**Task brief**
Take the line that contains "bureaux 280 m² murs erigne" and each line after it to the end of the material below, and return them exactly, minus the pictures.

**Records**
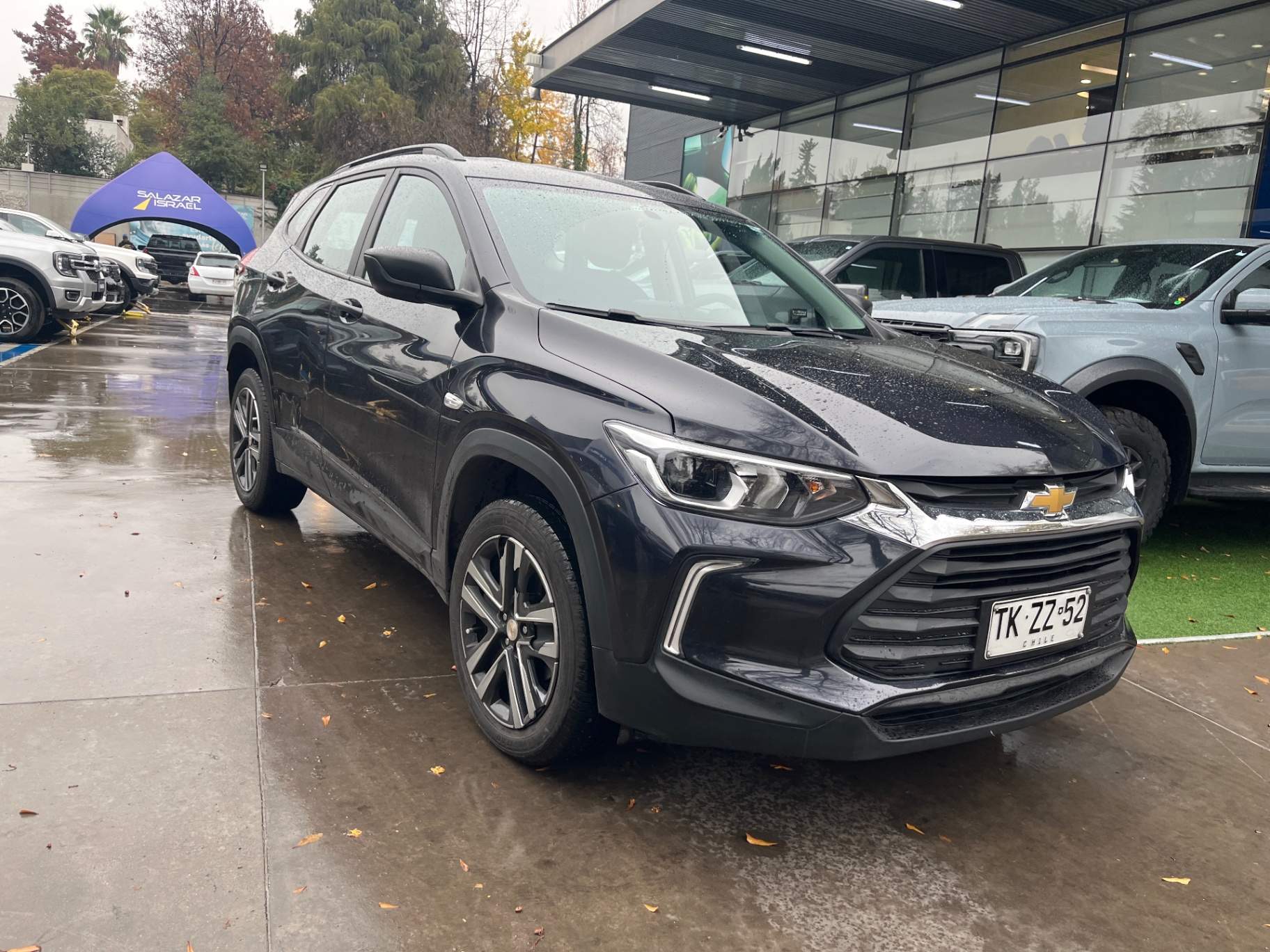 CHEVROLET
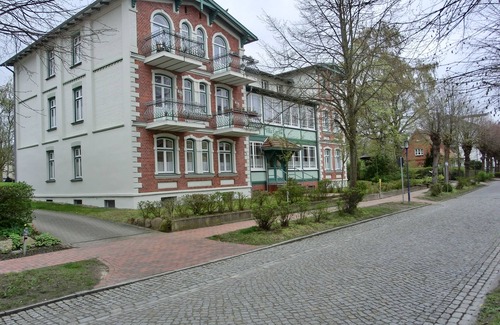 Seeheilbad Graal-Muritz Apartment | 2-zi-fewo für 4 Pers. mit Wlan, Haustiere Erlaubt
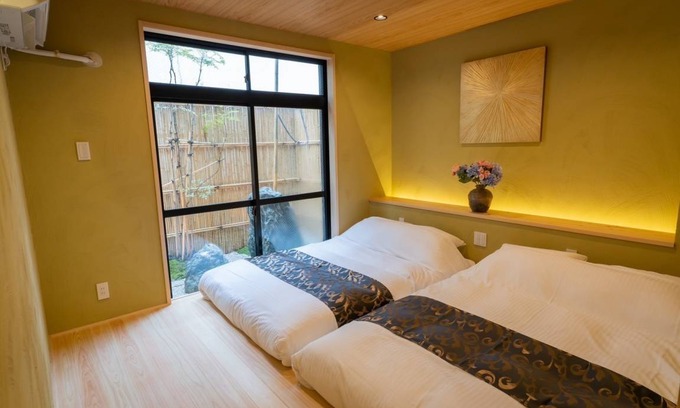 Namba Hotel | 100 m² Hotel ∙ 2 bedrooms ∙ 8 guests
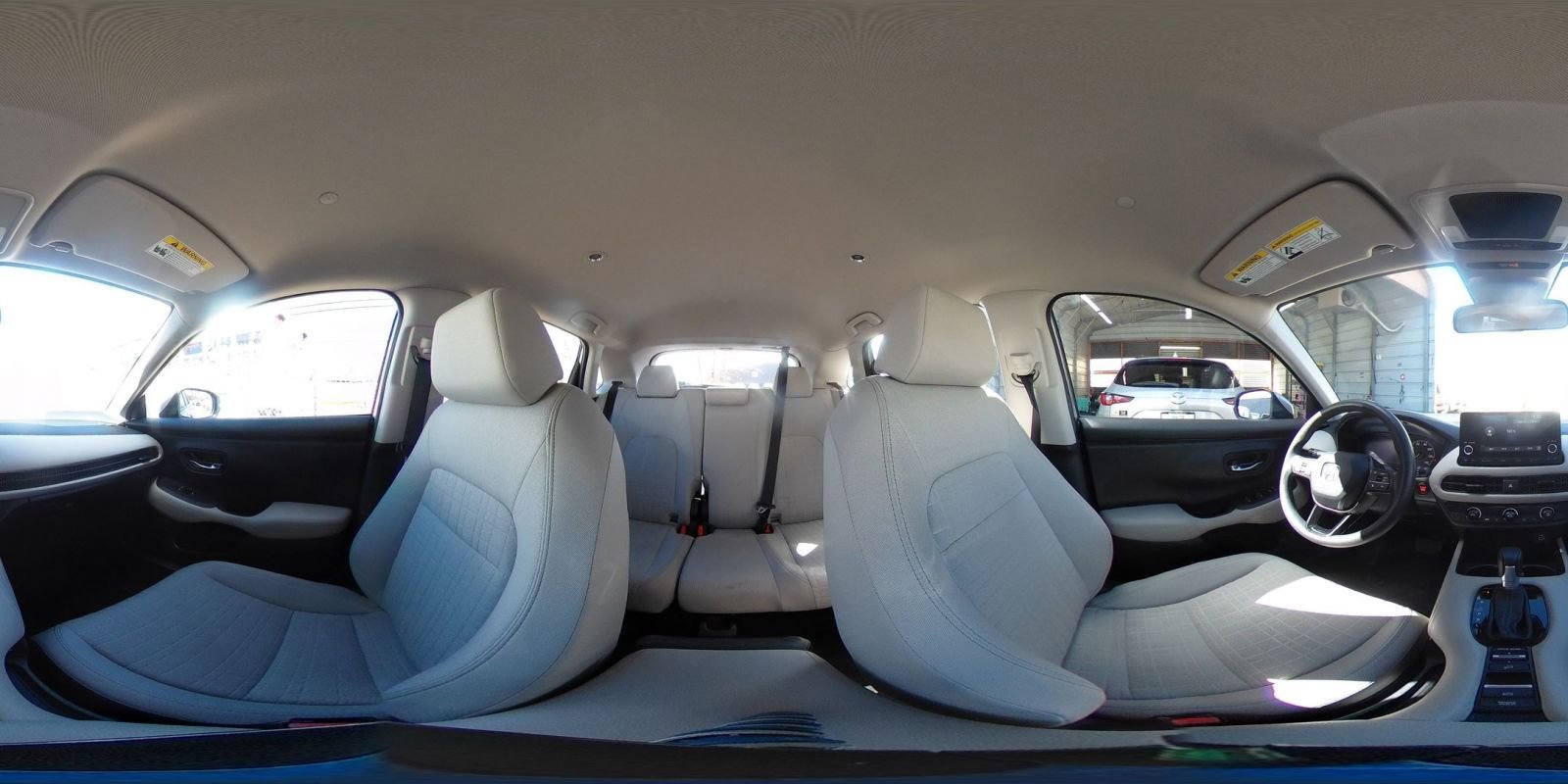 Used 2025 Honda HR-V LX image 40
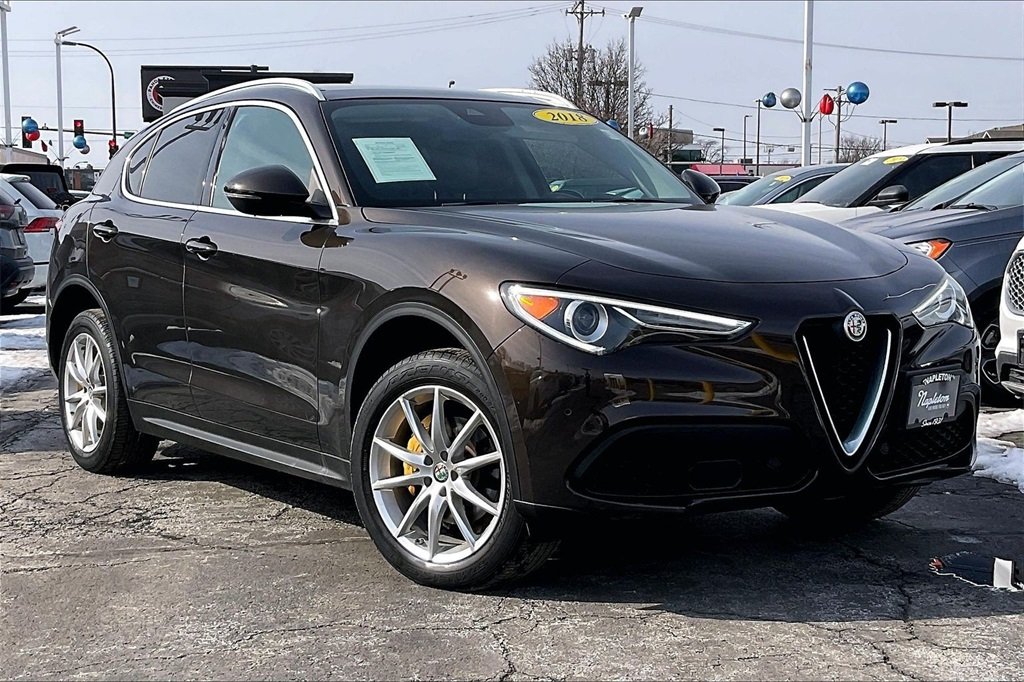 2018 ALFA ROMEO STELVIO - Image 31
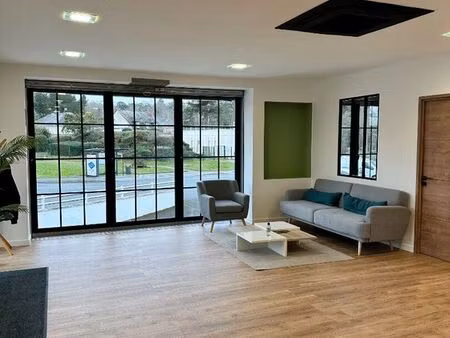 bureaux 280 m² murs erigne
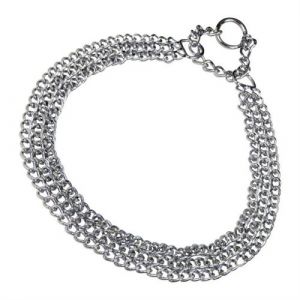 HS Sprenger Collier pour Chien Triple 50 cm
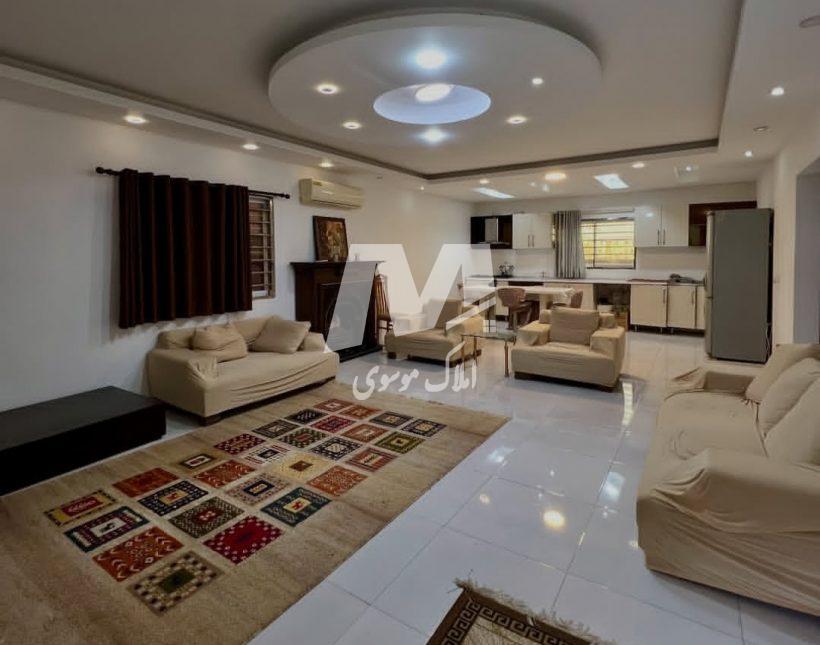 خرید ویلا باغ فلت استخردار مبله کامل جاده جنگلی ایزدشهر | ۳۰۰ متر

**Answer**
 bureaux 280 m² murs erigne
 HS Sprenger Collier pour Chien Triple 50 cm
 خرید ویلا باغ فلت استخردار مبله کامل جاده جنگلی ایزدشهر | ۳۰۰ متر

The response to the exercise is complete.